The proposal was put forward in a report commissioned by the 175-nation Convention on International Trade in Endangered Species, a treaty overseen by the U.N. Environment Program in Geneva. It would set up a centralized system to allow for the sale of ivory from elephants that either died naturally or as a result of trophy hunting, or were considered a threat or culled for ecological reasons.

This is the first time such a proposal has been made since a global ban on ivory went into effect in 1989. That ban halted widespread poaching but it has steadily worsened since 2004 amid Asian demand for ivory chopsticks, statues and jewelry.

"Given the present rise in illegal killing of elephants in West, Central and East Africa, it is clear that current measures are not containing the present upsurge in the illegal trade in ivory," the report concludes. "The tendency to ascribe this increase to the sale of stockpiled ivory in 2008 diverts attention away from the far more serious problems relating to the inability of African countries to invest in protecting their elephants —I thinjk an observation that begs the question of what incentives are there for them to do so?"

The proposal — which would still need to be voted on at the CITES meeting next year in Bangkok— was expected to set off a fierce debate especially among African delegates.

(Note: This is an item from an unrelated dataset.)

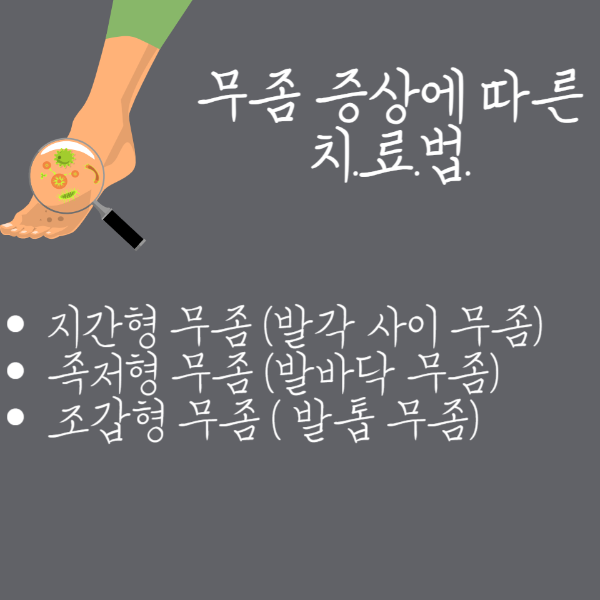 무좀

Southern African countries, where the majority of elephants are, want some form of legal trade to help pay for their conservation efforts and sell off already growing ivory stocks. Central and East African countries have in the past opposed any legal trade, fearing it will undermine conservation efforts and further bolster the illegal trade.

Environmentalists, too, have come out against the proposal because they argue that the reasons behind it — that legal trade would help reduce ivory prices, and thus demand — remain unproven.

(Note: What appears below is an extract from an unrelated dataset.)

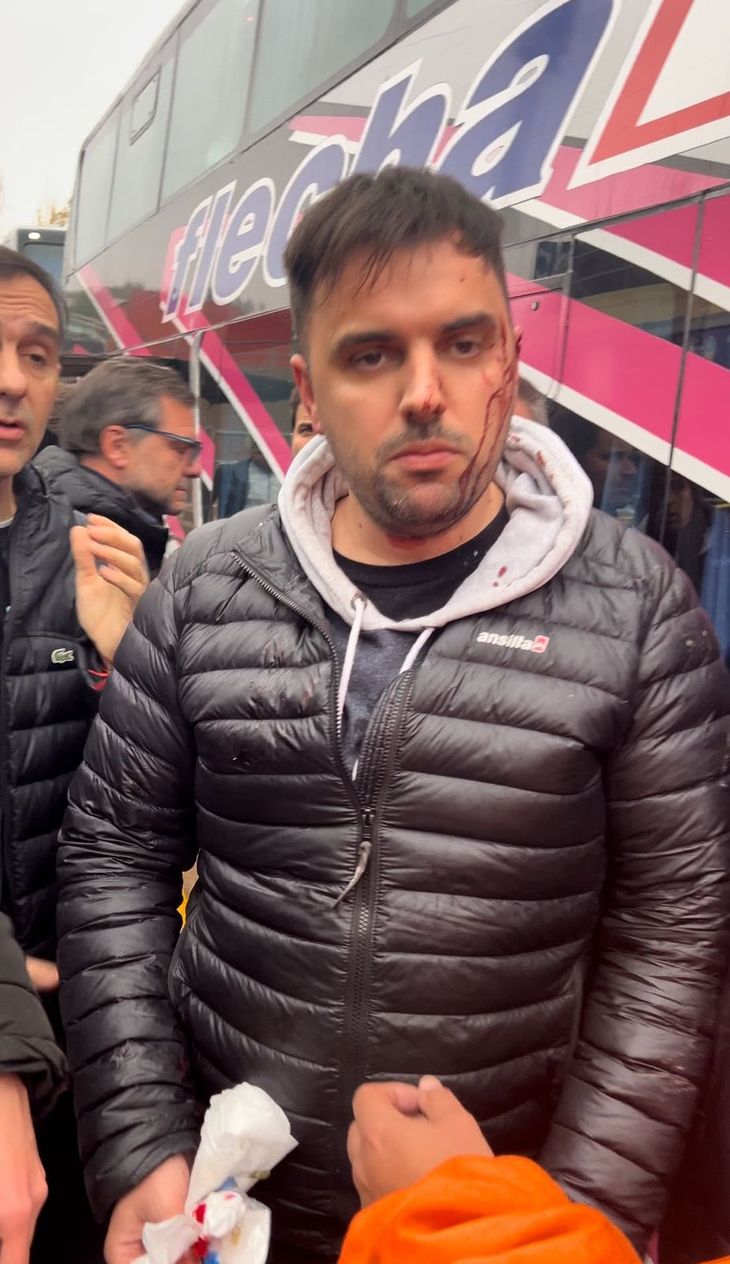 Dos dirigentes resultaron heridos Dos dirigentes resultaron heridos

A proposal for one-off sales by Tanzania and Zambia at the 2010 CITES meeting in Doha was defeated.

Mary Rice, executive director of the London-based Environmental Investigation Agency, said her research advocacy group, which has campaigned against the illegal trade for two decades, "remains deeply concerned that any more 'legal' sales — or discussion of 'legal' sales — of ivory will further stimulate the ivory market, supporting the perception that international trade has resumed and increasing demand for illegal ivory."

The rise in rhino poaching will also be on the agenda with several measures to tackle the illegal hunting, mostly in South Africa. Among the issues will how better regulate the trophy hunting trade and making greater use of DNA technologies to trace the horns that are seized to help convict the poachers and traffickers.

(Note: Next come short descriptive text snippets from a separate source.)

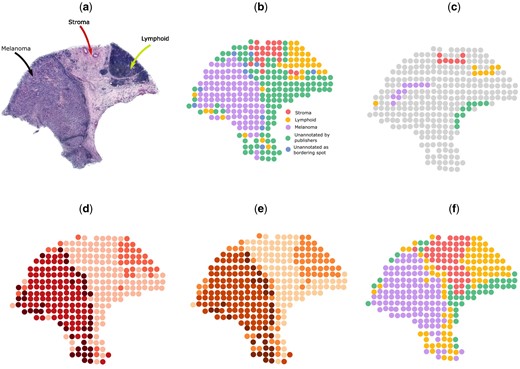 Analysis on melanoma ST sample. (a) Histology image. (b) Manual annotation. (c) Scribbles by a human annotator. (d) Spatial domains detected by BayesSpace. (e) Spatial domains detected by AutoScribbleDom. (f) Spatial domains detected by ScribbleDom.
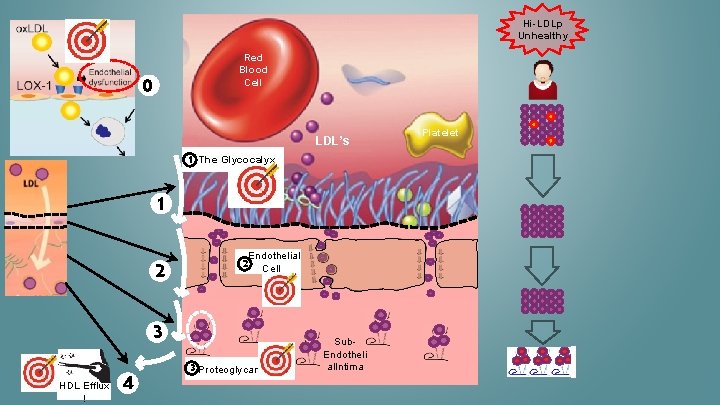 Hi-LDLp Unhealthy Red Blood Cell 0 LDL’s 1 The Glycocalyx 1 2 2 Endothelial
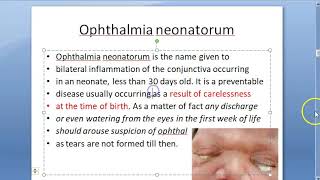 Ophthalmology Neonatal Conjunctivitis Ophthalmia Neonatorum Causes Eye Discharge in Baby Newborn [upl. by Kiefer847]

A report by the advocacy group WWF International released at the Geneva meeting found that Vietnam was "the major destination" for rhino horns trafficked from South Africa, where 448 rhinos were poached last year.

In Asia, rhino horn can fetch the equivalent of U.S. street values for cocaine. It is crushed and consumed by people in Asia who believe — wrongly, doctors say — that it can cure diseases including cancer, fever and even hangovers.